-- DATASET RECORDS --
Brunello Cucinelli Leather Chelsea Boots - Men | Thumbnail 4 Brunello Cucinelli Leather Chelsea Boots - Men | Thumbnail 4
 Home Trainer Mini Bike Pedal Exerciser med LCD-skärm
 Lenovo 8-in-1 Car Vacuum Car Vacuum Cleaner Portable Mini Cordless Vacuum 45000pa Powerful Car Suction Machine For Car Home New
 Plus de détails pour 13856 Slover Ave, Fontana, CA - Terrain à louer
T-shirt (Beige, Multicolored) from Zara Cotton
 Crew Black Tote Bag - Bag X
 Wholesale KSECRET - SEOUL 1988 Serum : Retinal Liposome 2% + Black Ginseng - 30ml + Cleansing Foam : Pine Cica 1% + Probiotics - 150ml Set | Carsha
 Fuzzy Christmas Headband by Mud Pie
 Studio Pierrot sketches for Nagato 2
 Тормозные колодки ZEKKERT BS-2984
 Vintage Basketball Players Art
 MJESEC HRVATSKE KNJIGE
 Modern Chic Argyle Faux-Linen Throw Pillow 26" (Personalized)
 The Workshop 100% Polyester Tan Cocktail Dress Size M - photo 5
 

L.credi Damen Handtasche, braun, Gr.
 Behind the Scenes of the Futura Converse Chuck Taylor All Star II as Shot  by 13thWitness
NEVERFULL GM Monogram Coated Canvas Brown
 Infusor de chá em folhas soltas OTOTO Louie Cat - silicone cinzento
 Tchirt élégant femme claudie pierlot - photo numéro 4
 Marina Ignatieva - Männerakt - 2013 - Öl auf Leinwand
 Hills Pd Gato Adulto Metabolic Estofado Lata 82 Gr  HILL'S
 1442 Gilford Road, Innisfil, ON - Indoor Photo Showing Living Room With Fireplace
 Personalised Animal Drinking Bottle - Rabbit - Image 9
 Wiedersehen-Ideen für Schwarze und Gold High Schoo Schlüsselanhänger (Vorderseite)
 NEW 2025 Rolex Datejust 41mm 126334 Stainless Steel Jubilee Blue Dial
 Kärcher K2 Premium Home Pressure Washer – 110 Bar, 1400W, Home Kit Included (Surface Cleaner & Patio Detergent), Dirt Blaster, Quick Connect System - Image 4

-- WORK ITEM --
Take the lines above from the one containing "MJESEC HRVATSKE KNJIGE" to the one containing "Personalised Animal Drinking" and retype them exactly, both ends included, with nothing added.

-- EXERCISE OUTPUT --
 MJESEC HRVATSKE KNJIGE
 Modern Chic Argyle Faux-Linen Throw Pillow 26" (Personalized)
 The Workshop 100% Polyester Tan Cocktail Dress Size M - photo 5
 

L.credi Damen Handtasche, braun, Gr.
 Behind the Scenes of the Futura Converse Chuck Taylor All Star II as Shot  by 13thWitness
NEVERFULL GM Monogram Coated Canvas Brown
 Infusor de chá em folhas soltas OTOTO Louie Cat - silicone cinzento
 Tchirt élégant femme claudie pierlot - photo numéro 4
 Marina Ignatieva - Männerakt - 2013 - Öl auf Leinwand
 Hills Pd Gato Adulto Metabolic Estofado Lata 82 Gr  HILL'S
 1442 Gilford Road, Innisfil, ON - Indoor Photo Showing Living Room With Fireplace
 Personalised Animal Drinking Bottle - Rabbit - Image 9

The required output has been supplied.